Hamparan cakrawala di atas kota Innsbruck diam, tenggelam dalam kebekuan malam. Sekelompok bintang tertutup gerakan mega tebal yang menyisir pada dinding-dinding langit. Bulan menepikan wajahnya, sembunyi di antara barisan mega. Angin melantunkan irama khusyuknya. Dingin…, namun mengalir getaran yang mencekam.

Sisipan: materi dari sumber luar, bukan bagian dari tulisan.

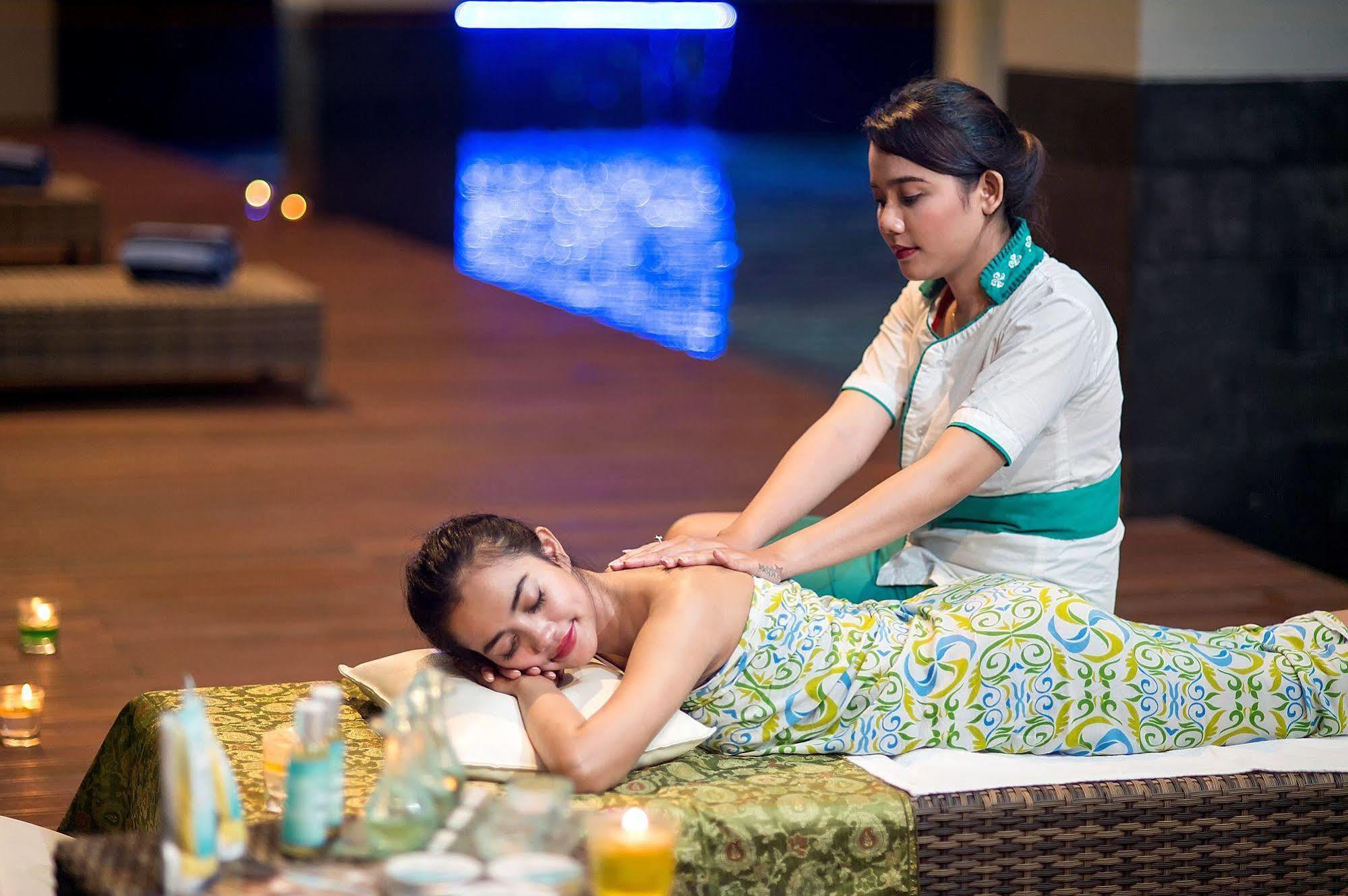 The Atrium Hotel&Resort Yogyakarta Melati Kültér fotó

            Suara ranting-ranting di atas tanah yang dipijak beradu dengan keheningan malam. Hembusan nafas yang hangat bercampur dengan suhu 5 derajat celcius pegunungan Alpen yang menusuk ke dalam tulang, dan ini bahkan belum masuk musim gugur. Seorang gadis dengan wajah sendu, rambut ikal berwarna merah dan kulit seputih salju menatap ke seliling. Dia berhenti sejenak, mengeluarkan kedua tangan yang sejak tadi dia masukkan ke dalam coat coklatnya, menggosok-gosok telapak tangannya dengan sedikit keras untuk mengurangi udara dingin yang terperangkap dalam pembuluh darah.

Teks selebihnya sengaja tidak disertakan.